Там жизнь если есть еще неведомо какая а здесь пусть говорят как бы через тусклое стекло но гроза вчера молнии до земли дождь стеной сегодня луг белые стены река старица церковь в ней и сияющее небо над всем миром из которого я не хочу уходить.
Разве тусклое? Разве не саднит душа от пронизывающего ее света? Разве не изнемогает она под непосильным для нее бременем красоты? Ты обо мне думаешь, любовь моя? Ты меня бережешь?! Громким голосом воскликнув в душе, он поднялся и подошел к окну. Полого спускалась вниз улица Розы Люксембург. По обе ее стороны, как брошенные дети, стояли чахлые березки с поникшей листвой. Прилетал из-за Покши ветерок, летний ласковый зефир, и, радуясь его теплым порывам, они оживали, покачивались и шептали одна другой, что сбываются их грезы о лучших временах и совсем скоро чьи-то заботливые руки будут ухаживать за ними до поры, пока они не окрепнут и не поднимутся в полный рост. Но ветер стихал, надежда истаивала, и тоскливая дремота снова овладевала ими.

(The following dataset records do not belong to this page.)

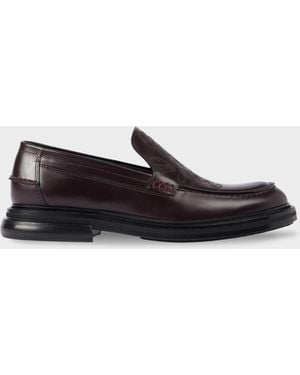 Paul Smith Bordeaux 'Camini' Loafers - Red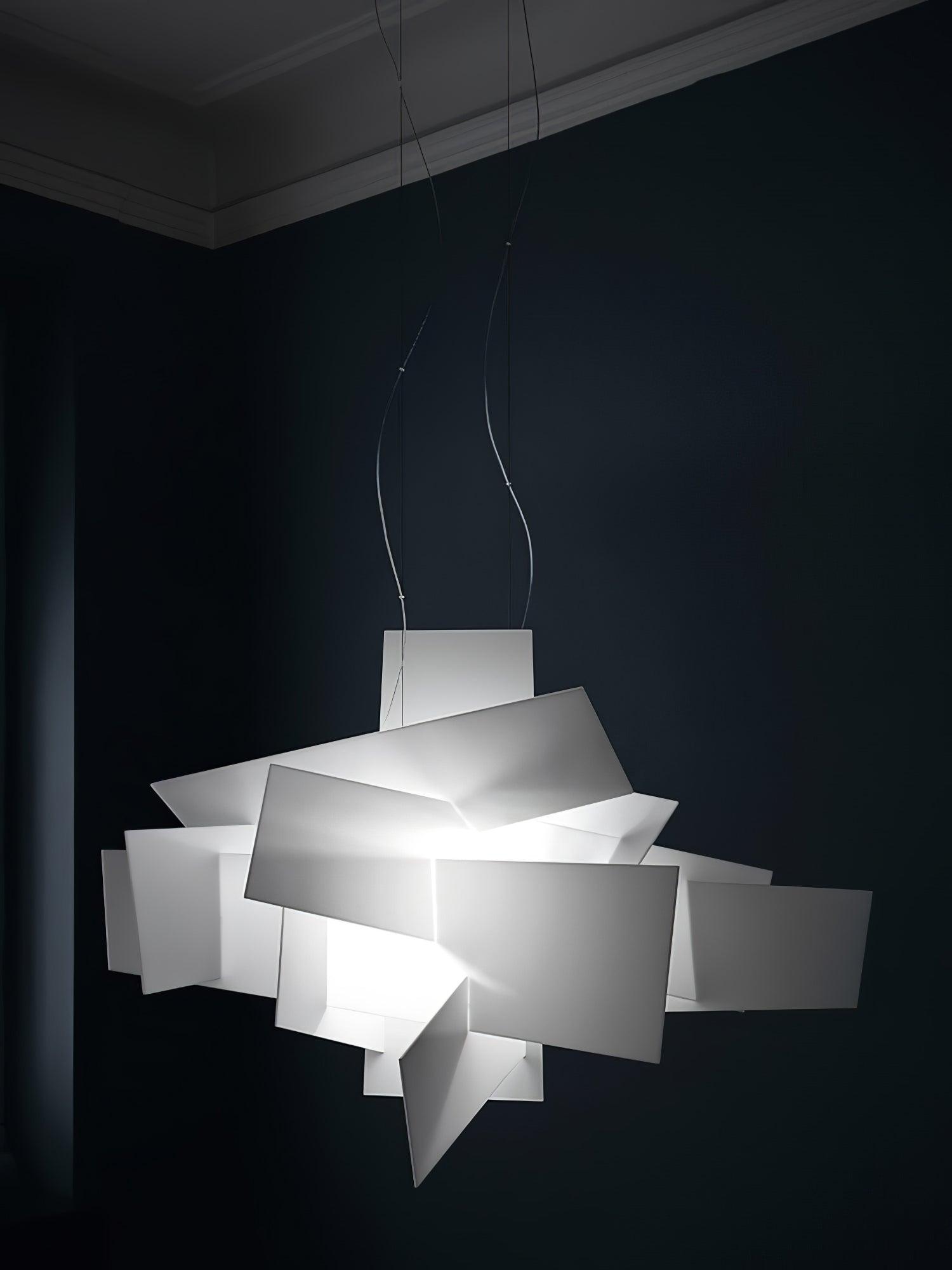 Modern Big Bang Pendant Light Fixture - Industrial Style Ceiling Hanging Lamp for Dining Room, Kitchen Island & Living Room Decor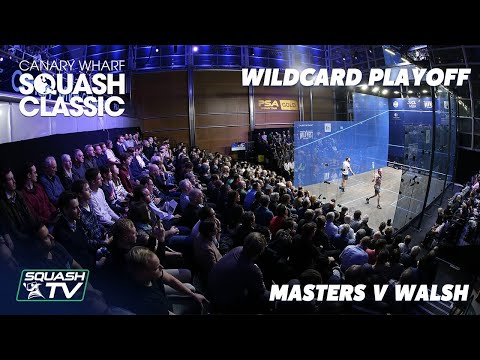 LIVE SQUASH: Canary Wharf Wild Card Playoff - Josh Masters v Tom Walsh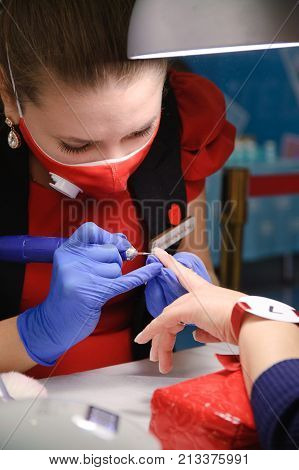 Competition Of Nail Stylists In Kazakhstan. Astana. Nov 10, 2017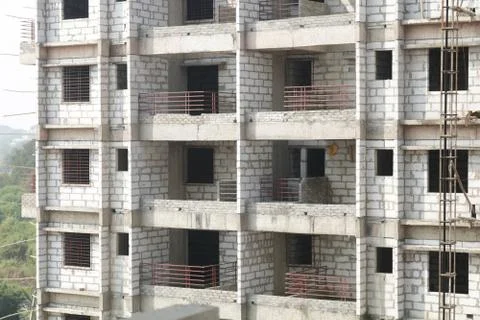 Building construction in India Stock Photos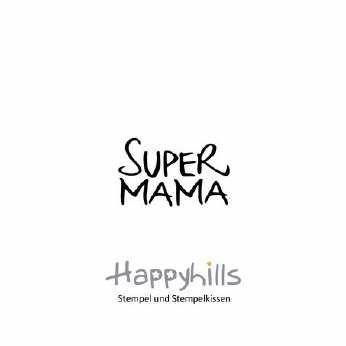 HappyHills Holzstempel Supermama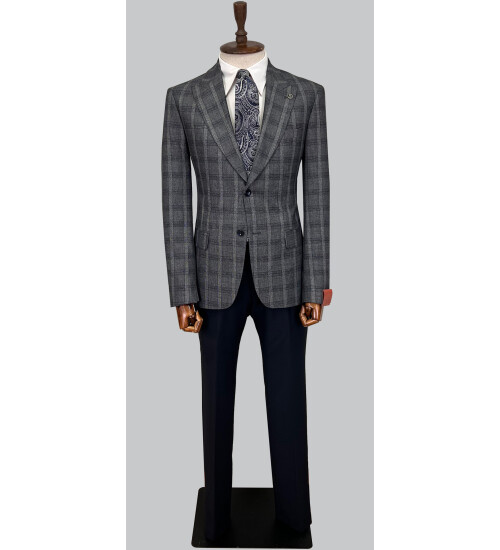 SUIT SARTORIA YÜN GRİ TAKIM ELBİSE 2375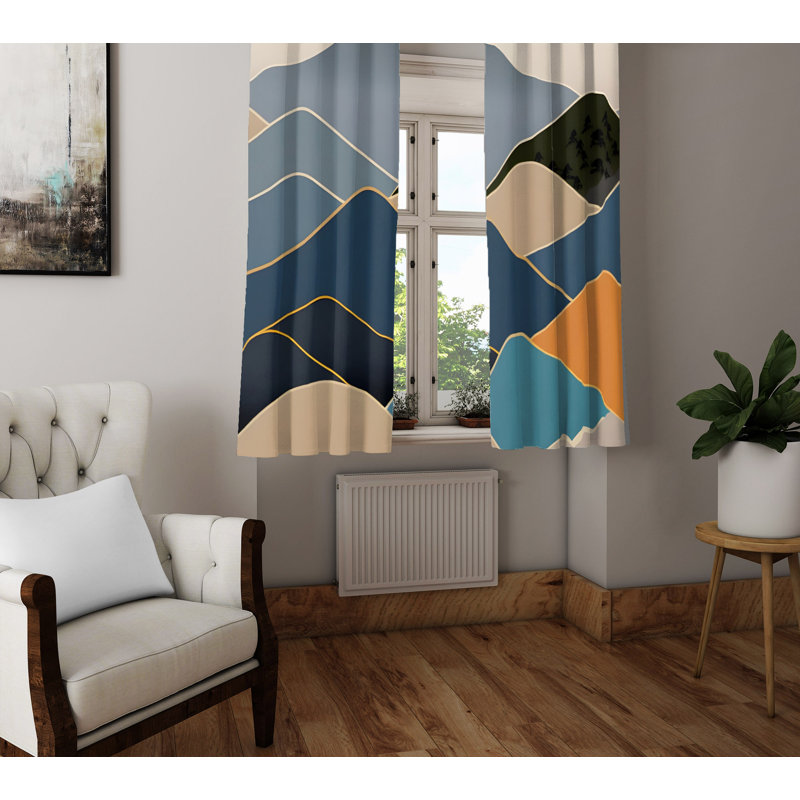 Rideau en polyester Bolich, L 40 po x L 61 po
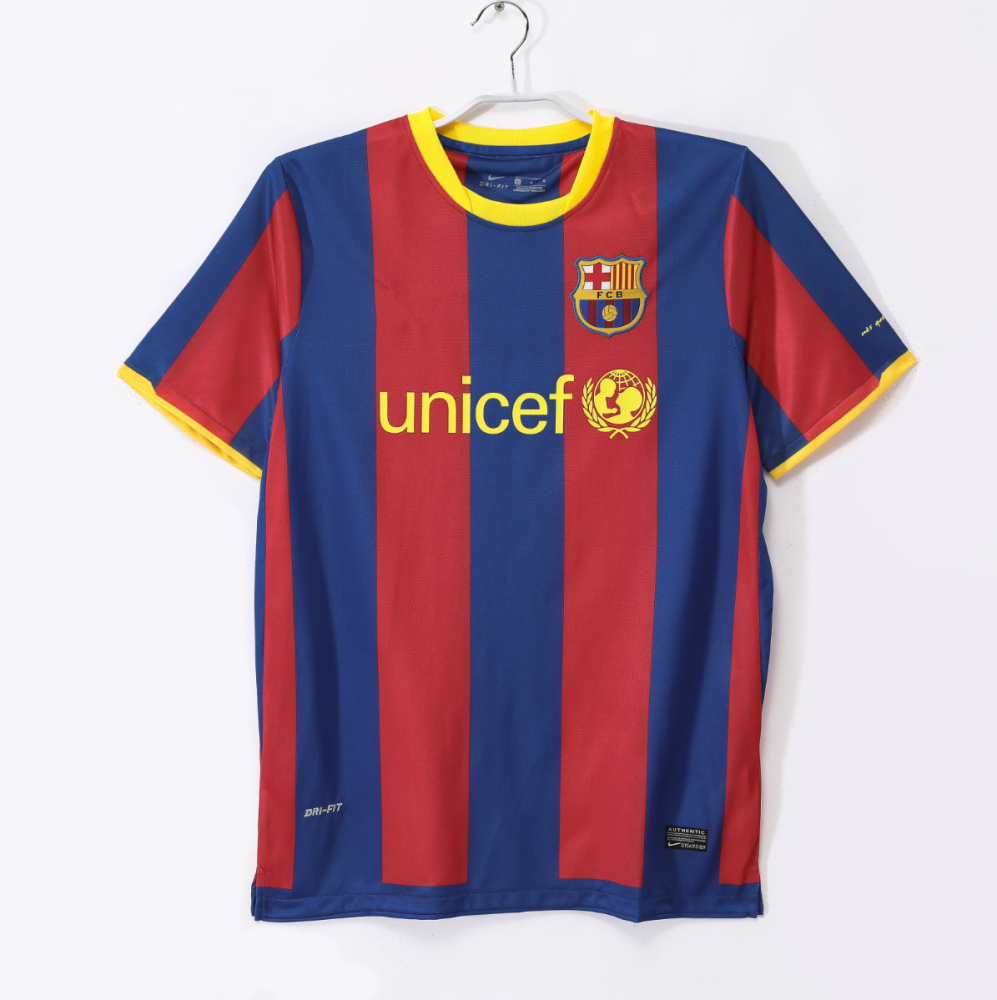 2010/11 season Barcelona home Retro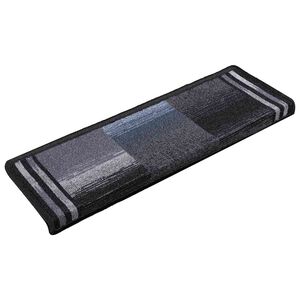 vidaXL Lipnūs laiptų kilimėliai, 5vnt., juodi ir pilki, 65x21x4cm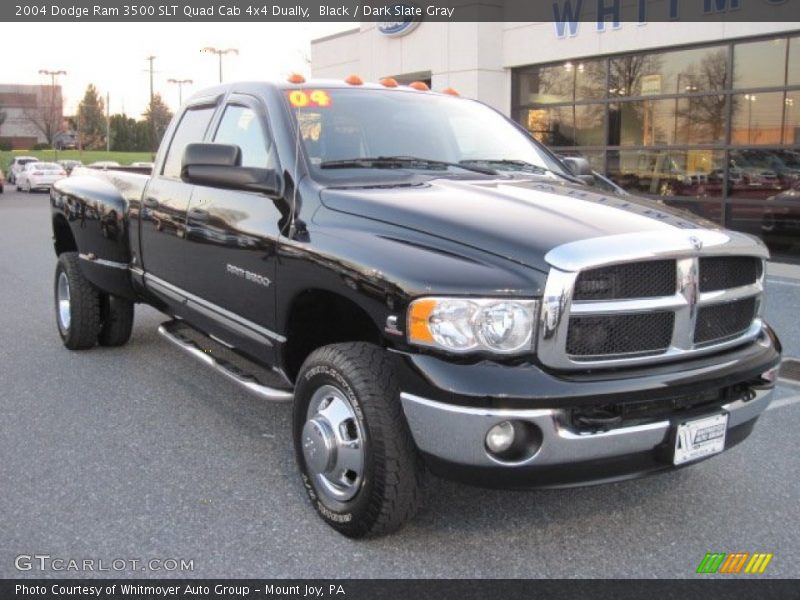 Black / Dark Slate Gray 2004 Dodge Ram 3500 SLT Quad Cab 4x4 Dually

Должно быть, что-то прояснилось в сознании Сергея Павловича. Он положил конец созерцанию более чем скромных видов града Сотникова, то бишь улицы Розы с березками, противоположных, в два этажа, домов с бедными занавесочками на окнах, поднявшейся за одним из них старой липы, пожарной каланчи, чья пустующая дозорная площадка поневоле вызывала опасения за судьбу города и его жителей, предоставленных произволу непредсказуемых стихий, и подошел к умывальнику. Из крана с хрипом и клекотом рванулась неровная струя. Он ополоснул лицо и потянул с крючка серое вафельное полотенце с черными штампами по краям. Затем скорым шагом безумно занятого человека покинул номер, сбежал по лестнице и вышел из гостиницы.